# Beginnning EMT Question



## Ghost (Jan 28, 2011)

OK! I'm heading into my EMT-B course soon and wanted to know a few things.

I have hair down to my back and was wondering if the FDNY (In NYC) would allow that. I also have tattoos, a long beard, and a 0 gauge piercing. 

So my overall question is, What would I have to get rid of?
and...

I saw a Jamaican EMS worker with his dreads wrapped up, how come that is allowed and (usually) Long hair isn't?

I need comments from NYC workers only, if possible. Thank you in advance.


----------



## hurt88 (Jan 29, 2011)

I'm not a NYC worker but I'd say your best bet would be to call and talk with someone there.


----------



## usafmedic45 (Jan 29, 2011)

> So my overall question is, What would I have to get rid of?

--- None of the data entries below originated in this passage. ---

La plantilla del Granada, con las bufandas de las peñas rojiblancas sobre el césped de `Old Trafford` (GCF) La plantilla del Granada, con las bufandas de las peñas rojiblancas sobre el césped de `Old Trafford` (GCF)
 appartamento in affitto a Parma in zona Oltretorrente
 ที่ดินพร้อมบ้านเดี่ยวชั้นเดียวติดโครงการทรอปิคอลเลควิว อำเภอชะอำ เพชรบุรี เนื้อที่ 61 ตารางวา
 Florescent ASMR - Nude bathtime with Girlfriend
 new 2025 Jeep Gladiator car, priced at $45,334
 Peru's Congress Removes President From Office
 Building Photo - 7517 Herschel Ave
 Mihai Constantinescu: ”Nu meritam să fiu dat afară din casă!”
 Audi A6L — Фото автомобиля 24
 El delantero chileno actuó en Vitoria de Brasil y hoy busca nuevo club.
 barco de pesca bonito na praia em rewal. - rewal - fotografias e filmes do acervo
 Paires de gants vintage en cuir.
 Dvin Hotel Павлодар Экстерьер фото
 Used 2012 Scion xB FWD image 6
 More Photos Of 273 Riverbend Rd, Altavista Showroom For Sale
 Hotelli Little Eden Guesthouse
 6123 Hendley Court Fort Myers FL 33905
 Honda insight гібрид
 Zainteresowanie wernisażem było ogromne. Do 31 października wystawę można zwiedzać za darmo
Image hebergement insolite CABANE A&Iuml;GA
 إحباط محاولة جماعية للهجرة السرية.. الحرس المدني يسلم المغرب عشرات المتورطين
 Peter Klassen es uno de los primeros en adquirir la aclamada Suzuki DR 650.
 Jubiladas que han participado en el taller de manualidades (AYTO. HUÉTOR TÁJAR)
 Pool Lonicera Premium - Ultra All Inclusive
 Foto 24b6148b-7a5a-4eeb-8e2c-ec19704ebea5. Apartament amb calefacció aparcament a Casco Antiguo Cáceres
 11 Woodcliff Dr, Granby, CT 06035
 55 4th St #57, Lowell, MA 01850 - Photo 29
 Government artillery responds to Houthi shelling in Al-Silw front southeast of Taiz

Depending upon where the piercing is located, it would probably have to go.  If it's a Prince Albert or something, that's totally your business but if it's in your ear or lip, most people are going to frown on that.  

Your hair would probably need to be cut too.  I mean, you're wanting to join a profession other than being in a thrash metal band (nothing against it....if I looked better with long hair, I'd totally go for it) so you should try to look the part.  

As for the tattoos, as long as you don't have "**** YOU!" tattooed across your knuckles or something similarly offensive, pornographic, violent, racist, etc then you should be fine.  Hell, I'm getting the military EFMB tattooed on my forearm with "Born to Kill, Trained to Heal".  So long as you can cover it up, it's not a problem.  



> I saw a Jamaican EMS worker with his dreads wrapped up, how come that is allowed and (usually) Long hair isn't?



Politically correct answer:  Cultural sensitivity and potentially respect for the guy's religion (if he's one of the Caribbean religions where dreds are part of the religious 'garb').
Politically incorrect answer:  To avoid a time-consuming and expensive lawsuit when someone gets a hair up their butt and claims discrimination based upon race.


----------



## Ghost (Jan 29, 2011)

hurt88 said:


> I'm not a NYC worker but I'd say your best bet would be to call and talk with someone there.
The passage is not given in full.